- [PROVIDED DATA]
══════

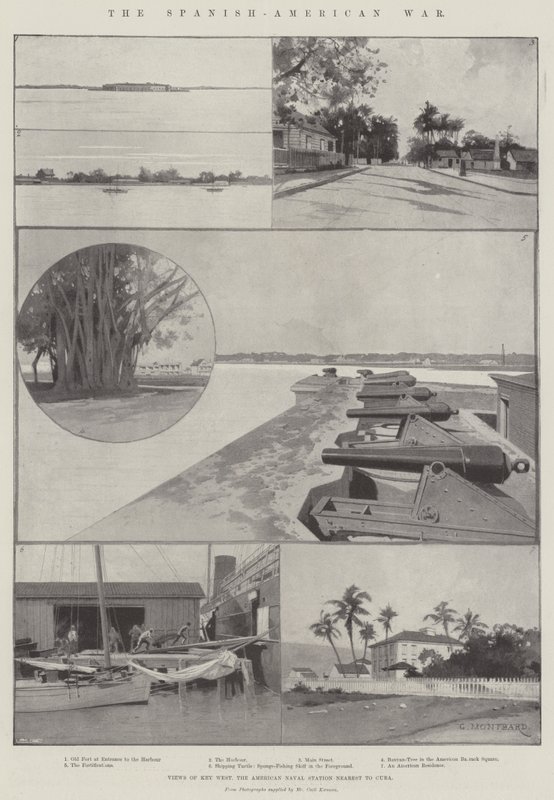 La guerra hispanoamericana, vistas de Key West, la estación naval estadounidense más cercana a Cuba de Charles Auguste Loye
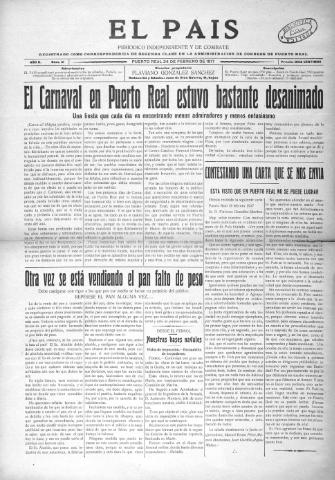 'El País  : periódico independiente' - Año 2 Número 31 - 1917 febrero 24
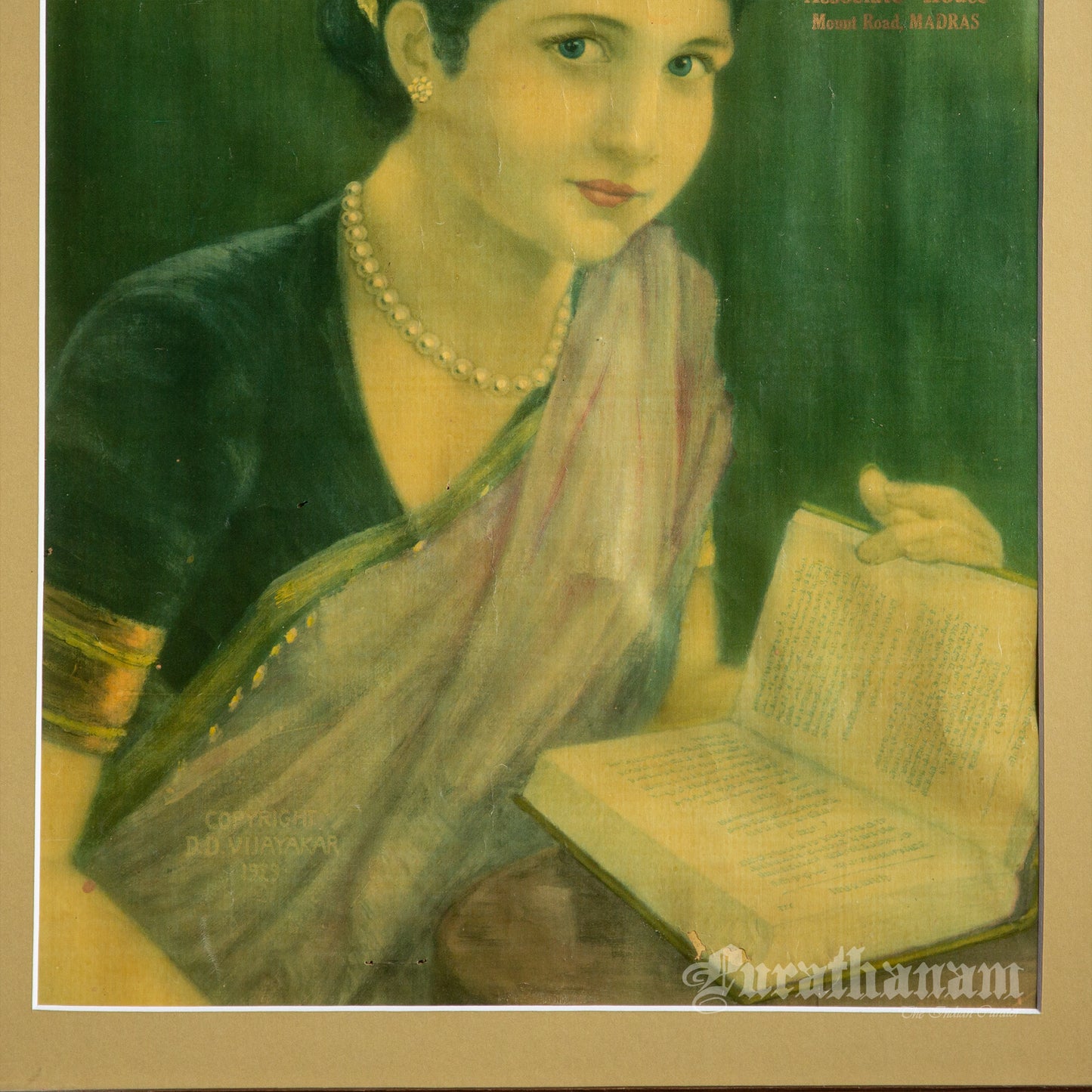 A Colonial Women with an open book (Oleograph Print)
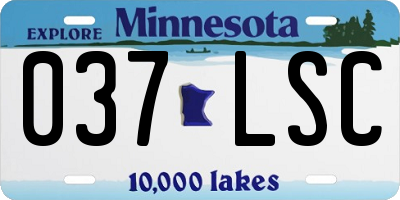 MN license plate 037LSC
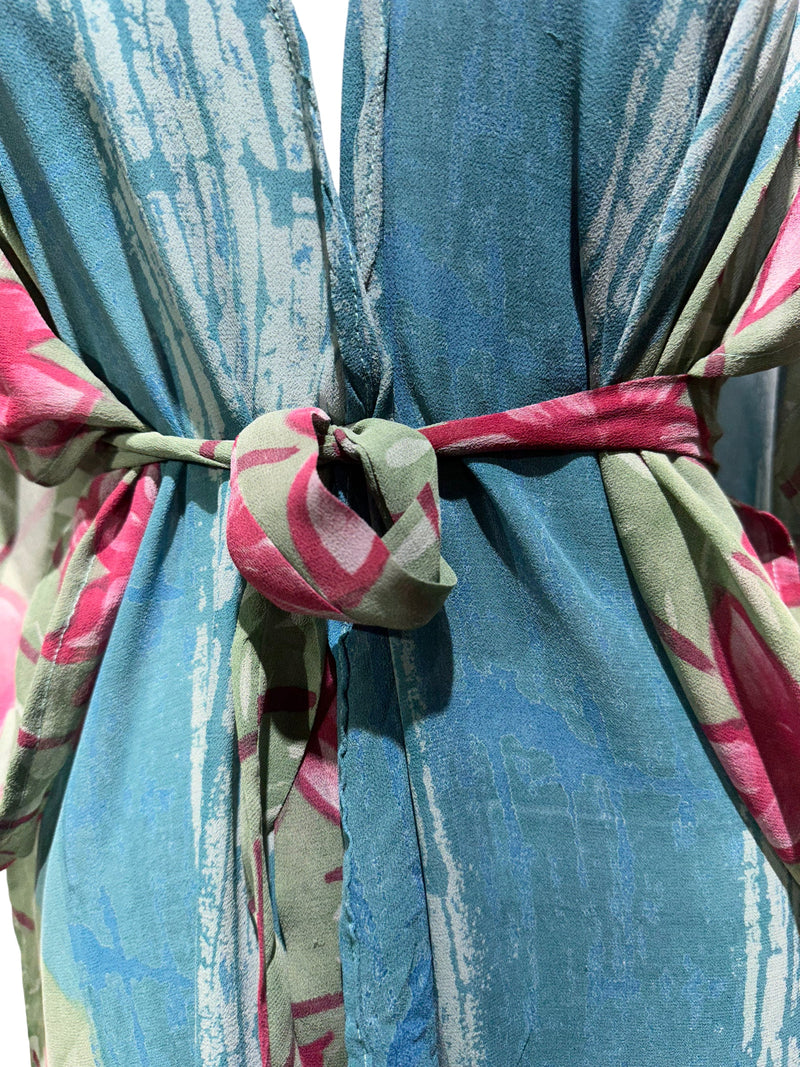 PRG3012 Anirnik Ragee Sheer Long Pure Silk Kimono-Sleeved Duster with Belt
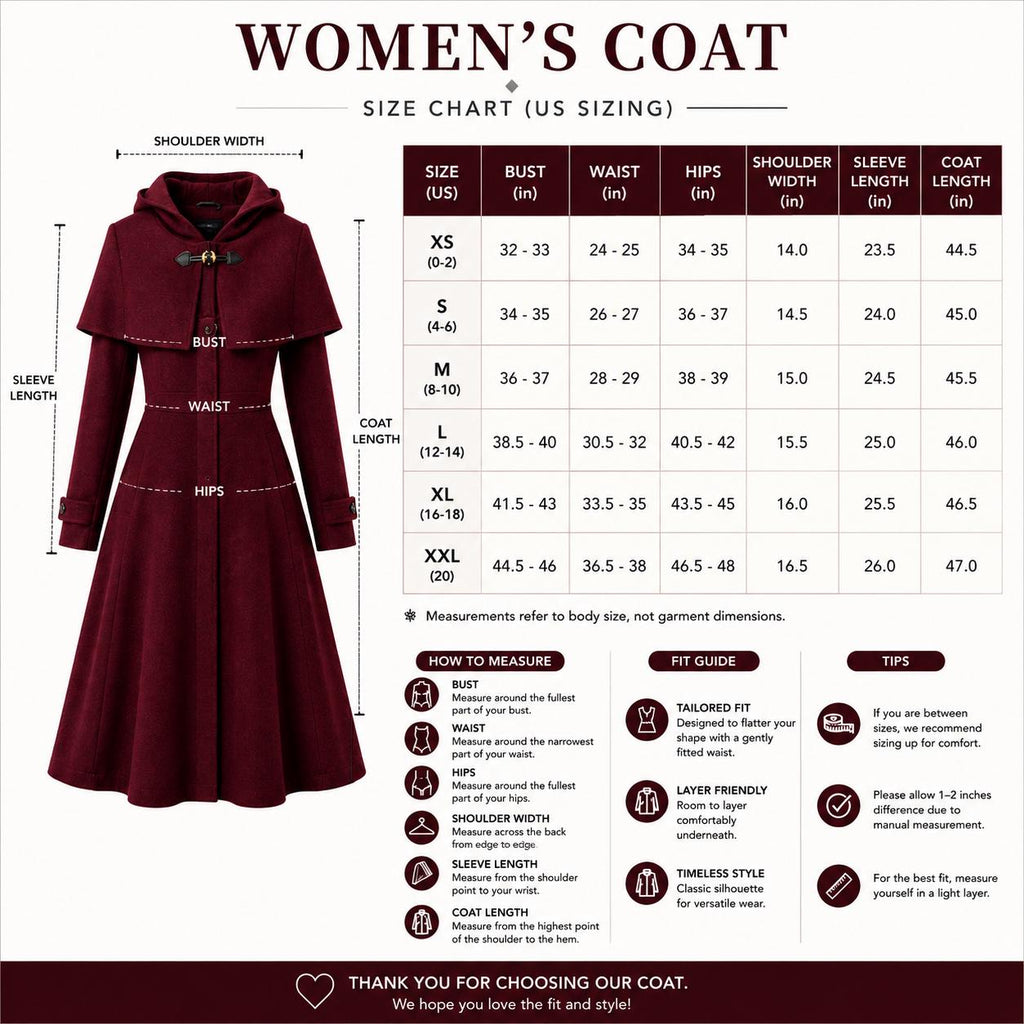 Burgundy Hooded Wool Blend Coat | Elegant Fit Flare Winter Cape Overcoat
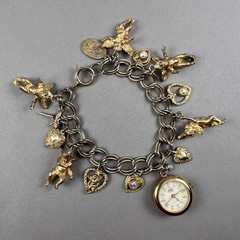 Vintage Kirks Folly Charm Bracelet Watch Angels Hearts Works! AS IS q3z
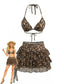 Hellbraunes 80er Leoparden-Bikini-Set mit Plissee-Cover-Up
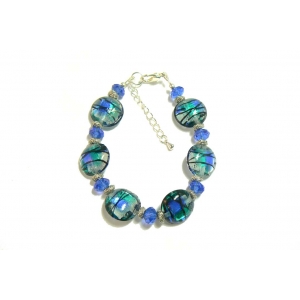 Blue and Green Stained Glass and Faceted Crystal Bracelet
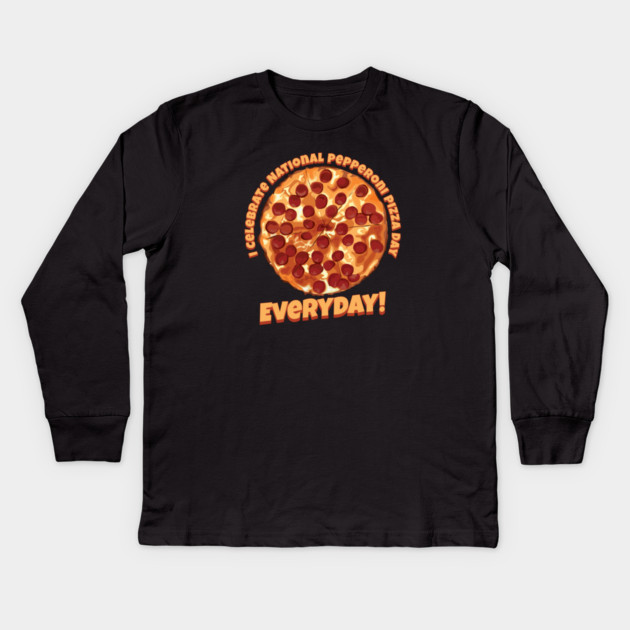 National Pepperoni Pizza Day Kids Long Sleeve T-Shirt by HolidayBug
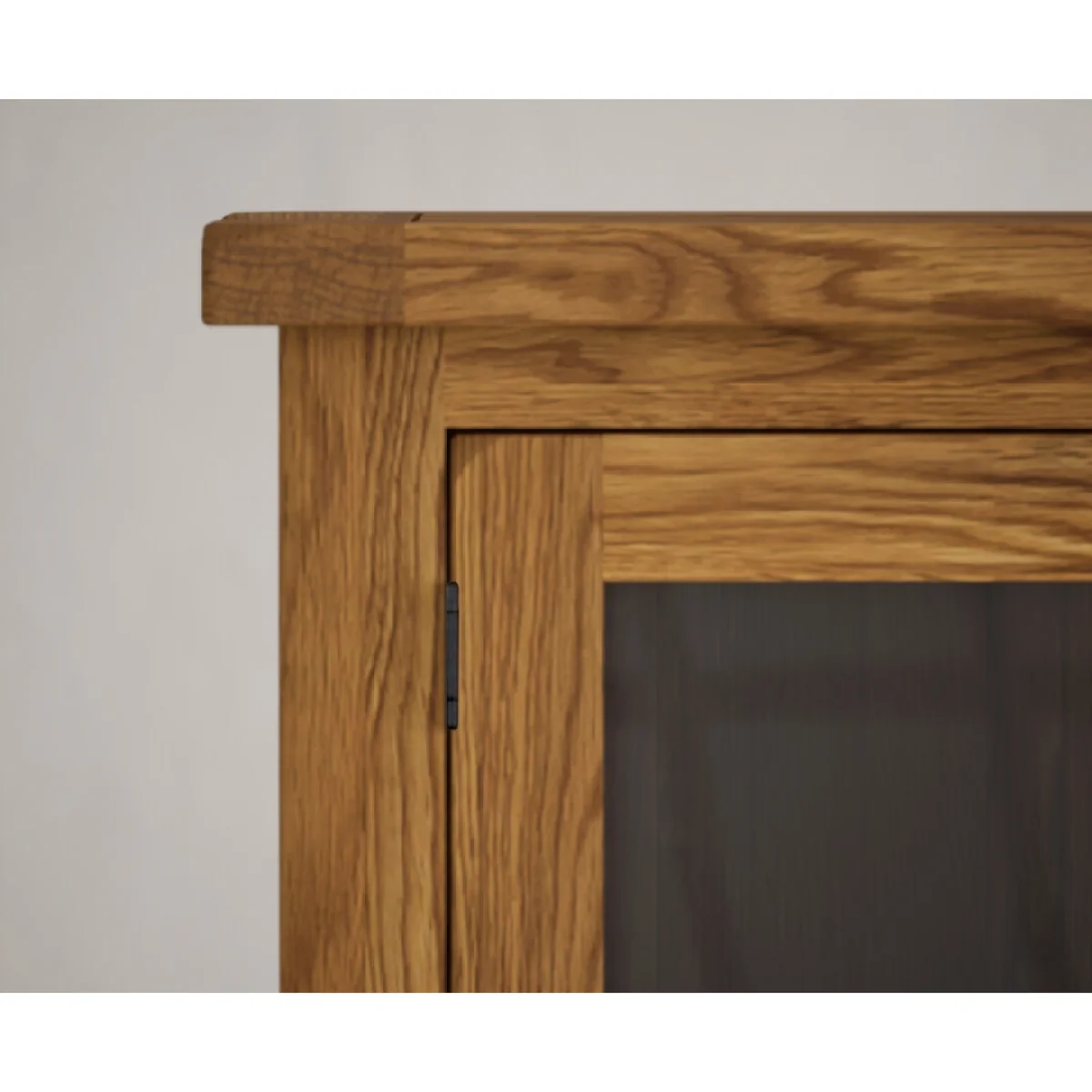 Harrogate Rustic Solid Oak Glazed Display Cabinet – image 8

══════

- [HOW TO COMPLETE THIS TASK] Print each record exactly as it stands, skipping the pictures.

- [WRITTEN ANSWER]
 La guerra hispanoamericana, vistas de Key West, la estación naval estadounidense más cercana a Cuba de Charles Auguste Loye
 'El País  : periódico independiente' - Año 2 Número 31 - 1917 febrero 24
 A Colonial Women with an open book (Oleograph Print)
 MN license plate 037LSC
 PRG3012 Anirnik Ragee Sheer Long Pure Silk Kimono-Sleeved Duster with Belt
 Burgundy Hooded Wool Blend Coat | Elegant Fit Flare Winter Cape Overcoat
 Vintage Kirks Folly Charm Bracelet Watch Angels Hearts Works! AS IS q3z
 Hellbraunes 80er Leoparden-Bikini-Set mit Plissee-Cover-Up
 Blue and Green Stained Glass and Faceted Crystal Bracelet
 National Pepperoni Pizza Day Kids Long Sleeve T-Shirt by HolidayBug
 Harrogate Rustic Solid Oak Glazed Display Cabinet – image 8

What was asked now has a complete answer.